Editorial Notes
When did Christianity become a career?
When I was in business school at the university, someone who wanted to get on the "fast track" in their career could apply for an "internship" at a big corporation. The corporations only wanted the best and brightest students for interns. The students who were awarded internships got the privilege of taking the summer, or a few months off from the regular school year, and working at a "real job" at a "real company". When graduation time came, they often had a "foot in the door" at the company where they completed their internship. Or, the student may find during the internship that they really don’t like a certain kind of work, and they can make a career change while still in school.
The corporations benefited too. They got several months of work from the best and brightest young minds at the university without paying very much, and they got increased visibility at the university by offering the internships in the first place. When "recruiting season" (graduation time) came, they already had some very bright students out there who knew the "company way" and had proven they could succeed if offered a career. So, this system provides a benefit for both the student and the companies who hire young people right out of college.

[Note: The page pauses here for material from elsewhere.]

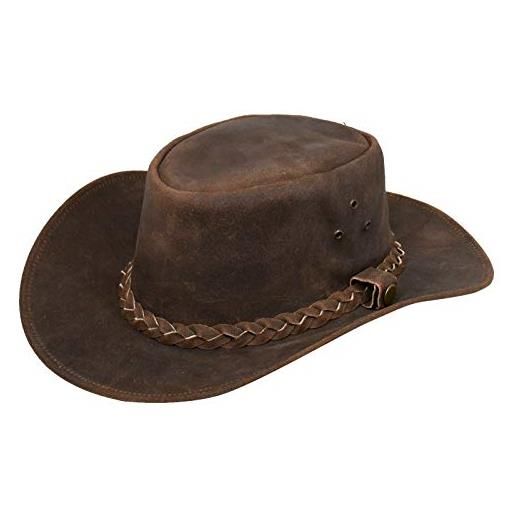 Infinity Leather cappello australiano unisex in stile western marrone pelle scamosciata western cowboy m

During much of my time in business school, I went to a large church that was run by a team of professionals. There was one professional that all the others reported to. The head professional has a very general title. The "others" had titles that gave me an idea of the role they played in the leadership structure of the church.
This church also had an "intern" program. If you were one of the brightest and most spiritual young men, you could apply to become an "intern". (It seems that recently these kinds of programs are opening up for women too.) Being a "preacher intern" meant that you spent two years doing "church stuff", and then you could apply to other churches for a job as a full-time professional minister.

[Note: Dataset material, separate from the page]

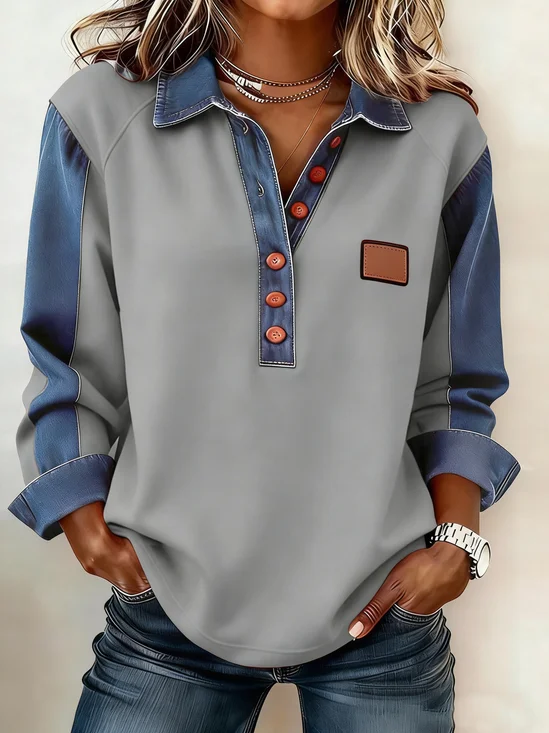 Denim Color Block Polo Shirt Long Sleeve Plain Casual Blouse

Now, I’m not saying that all school or church training programs that call themselves "internships" are necessarily wrong, there’s just something a little ironic about the way this system works, or at least the way I’ve seen it work.
First, there is the assumption that when you are in your early twenties, you must choose which "class" of Christians you want to belong to. You can apply to a program that will put you on a career track to be a full-time paid professional in the church system, or you can just get a job in the "world" like everyone else.

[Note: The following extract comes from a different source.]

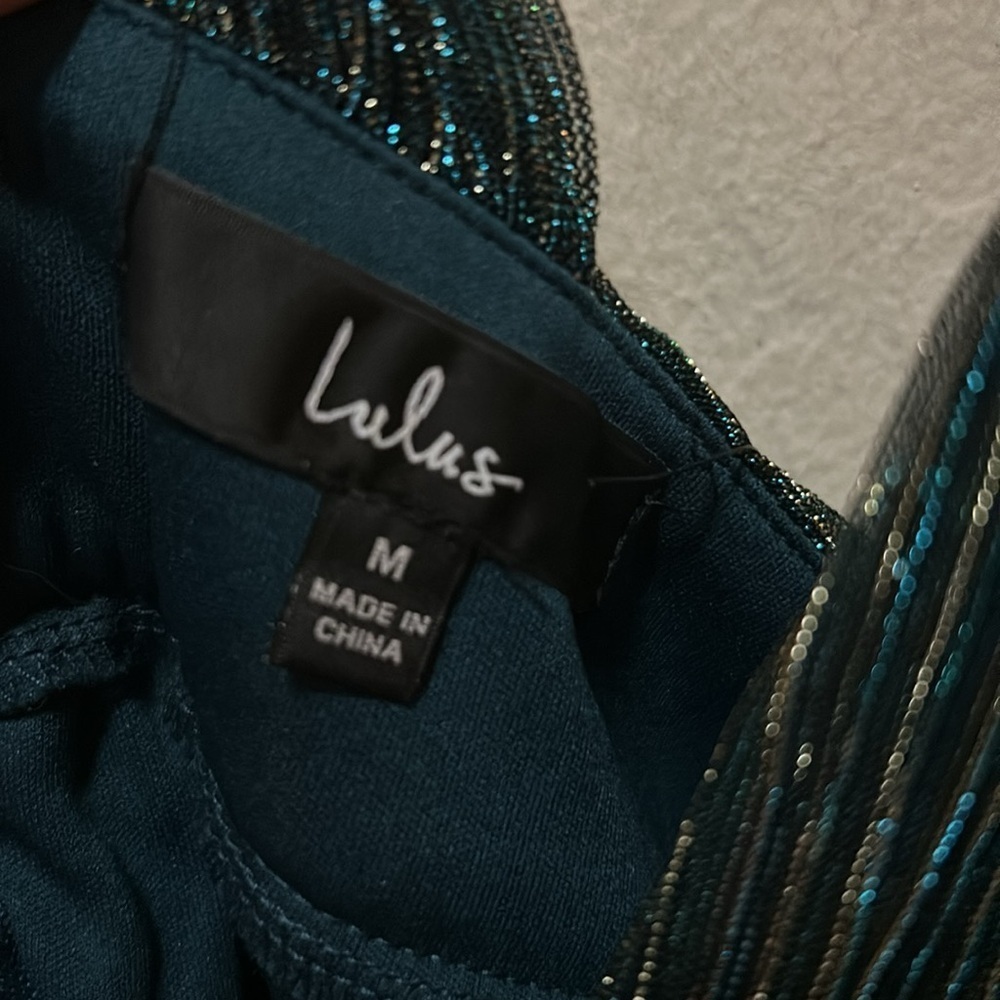 Lulus Ailey Gold and Teal Blue Skater Dress Size Medium NWT - Picture 9 of 10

The irony is that if you opt to get a job in the "world", you also opt to be forever lead in church by people who never have lived in the world that you live in. The church "internship" program makes it possible for a young man to go from the unreal world of college, to the unreal world of "preacher internship", to the "set apart" world of "professional Christianity".
It occurred to me that this particular church system was raising an entire generation of leaders who will have never had to live in the "real world". This is the world where people: 1) get out of bed and sit in traffic so they can get to work at a certain time, 2) do something all day (or night) they might not enjoy doing, 3) with people who don’t believe the way they do (and may be really mean about it), and 4) get up the next day and do it again. The "spiritual elite", the ones who will be my spiritual leaders for all my time on earth, are the ones who are "set apart" from this banal, often vulgar, non-believing world from the "cradle to the grave".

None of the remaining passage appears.